Dataset entries:
* * * * * * *
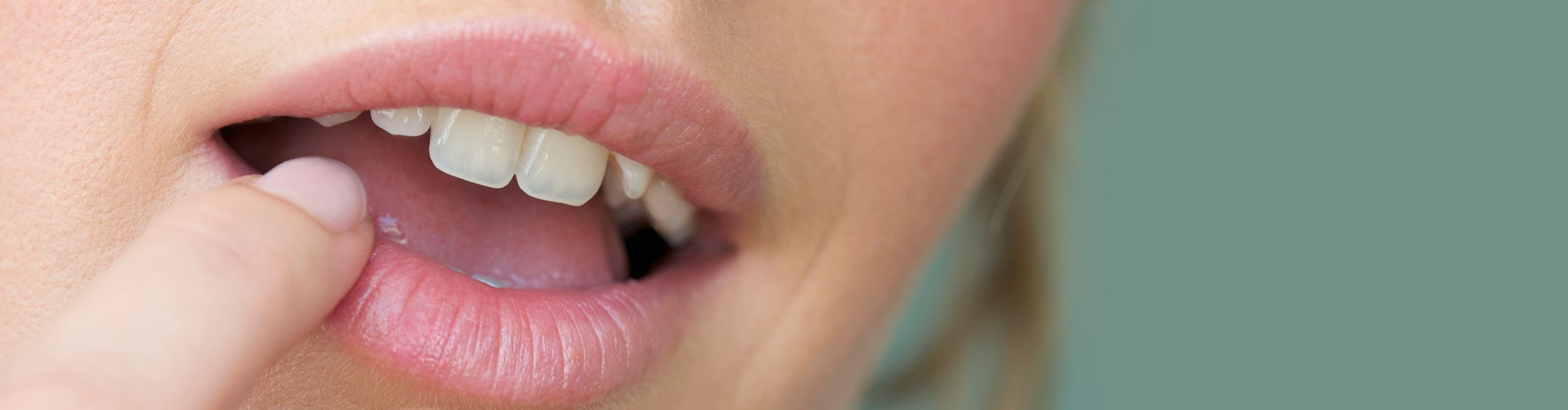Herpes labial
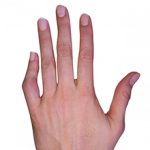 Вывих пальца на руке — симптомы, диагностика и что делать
* * * * * * *
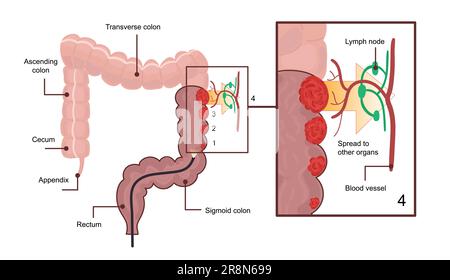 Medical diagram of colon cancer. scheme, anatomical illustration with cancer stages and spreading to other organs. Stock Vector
* * * * * * *
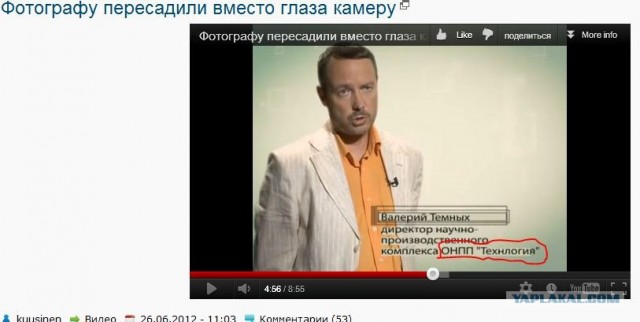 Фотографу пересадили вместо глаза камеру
* * * * * * *
Write out again exactly the lines above from the one with "Herpes labial" through the one with "Вывих пальца на", adding no other lines and no pictures.

Herpes labial
 Вывих пальца на руке — симптомы, диагностика и что делать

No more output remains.